Dataset entries
◆ ◆ ◆ ◆ ◆

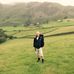 Graham 'Bruce' Lavender - Facebook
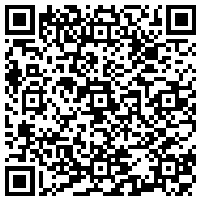 QR Code for bitcoin:bitcoin:bitcoin:bitcoin:bitcoin:bitcoin:bitcoin:bitcoin:litecoin:MWdCyHu3Vdj7AEcToyPbNnAgRjsmp3pEDg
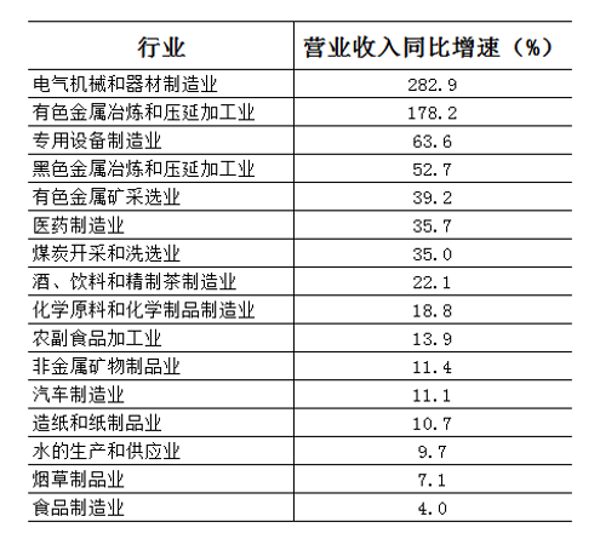 @XC4~A6P56$M`T6XET73O4B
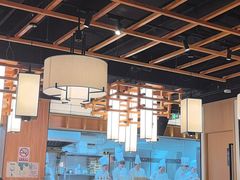 -伊喜饺子(五道口学院路店)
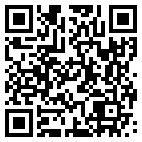 QR Code for Ralleys in Norfolk, VA 23502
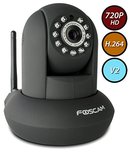 100316_foscam-fi9821w-v2-megapixel-hd-1280-x-720p-h-264-wireless-wired-pan-tilt-ip-camera-with-ir-cut-filter-26ft-night-vision-and-2-8m.jpg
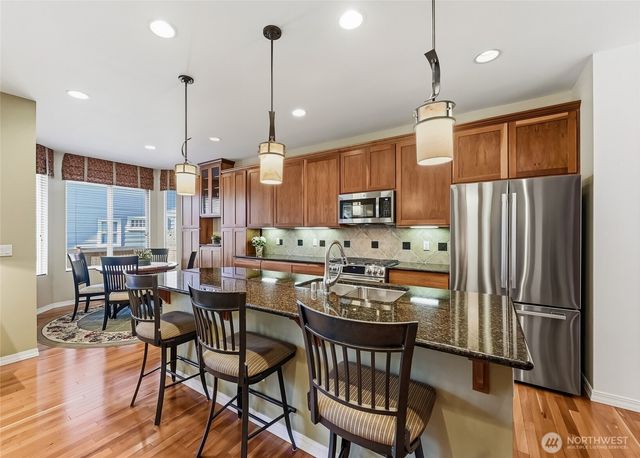 13254 228th Place NE, Redmond, WA 98053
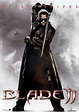 Blade II (2002) Review - Movie Reviews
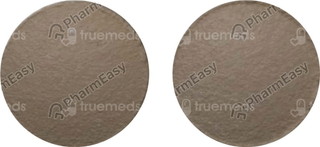 Endofit Kit 2/25 Mg Tablet 30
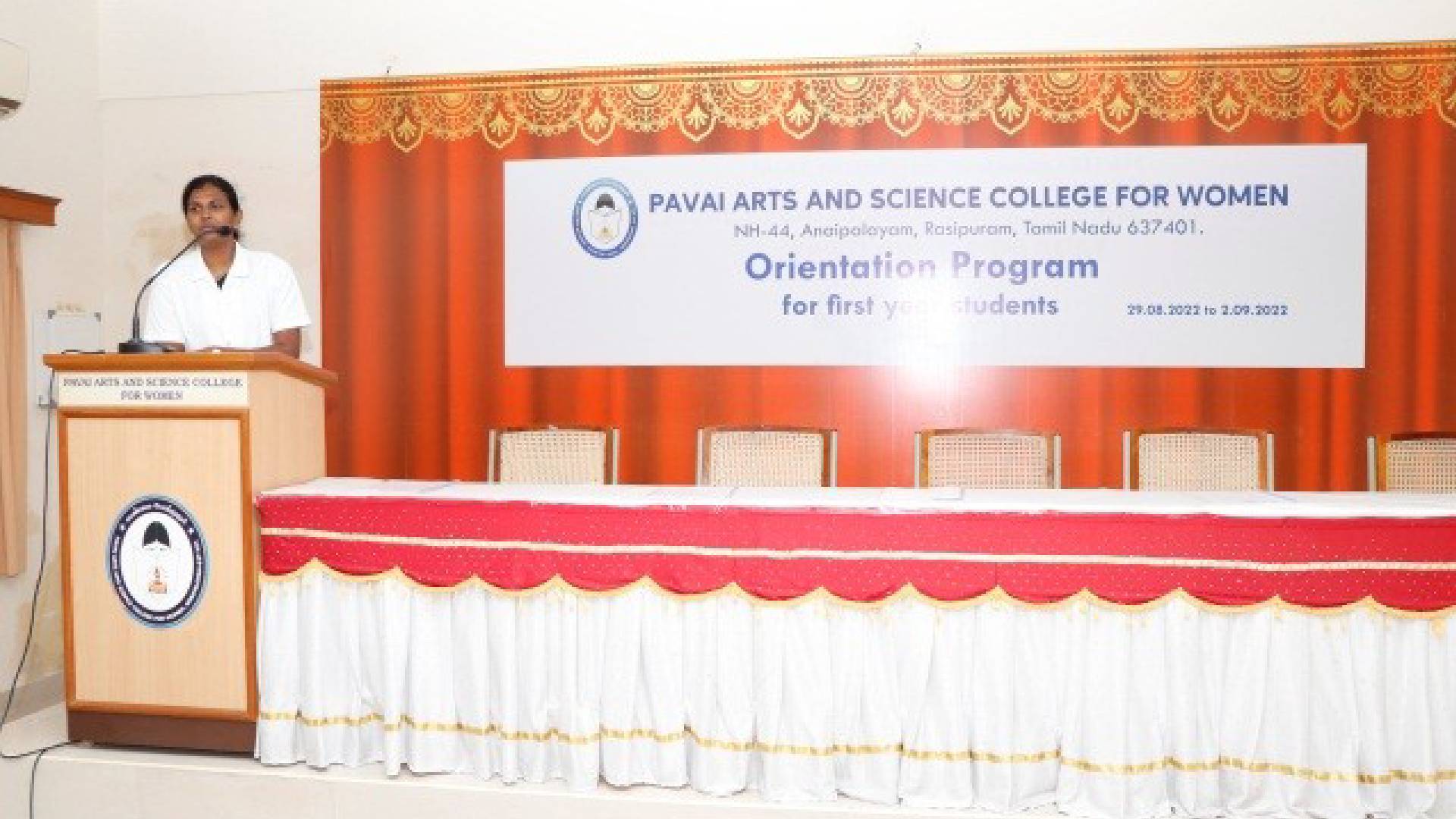 Paavai -103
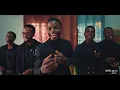 Download Lagu TWAKULANDUKA_ The Sowers Accapella Zambia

◆ ◆ ◆ ◆ ◆

• _GOAL OF THE EXERCISE_
Exactly repeat only the lines from the one with "Paavai -103" to the closing line above, both included, and omit every picture.

• _TASK RESPONSE_
 Paavai -103
 Download Lagu TWAKULANDUKA_ The Sowers Accapella Zambia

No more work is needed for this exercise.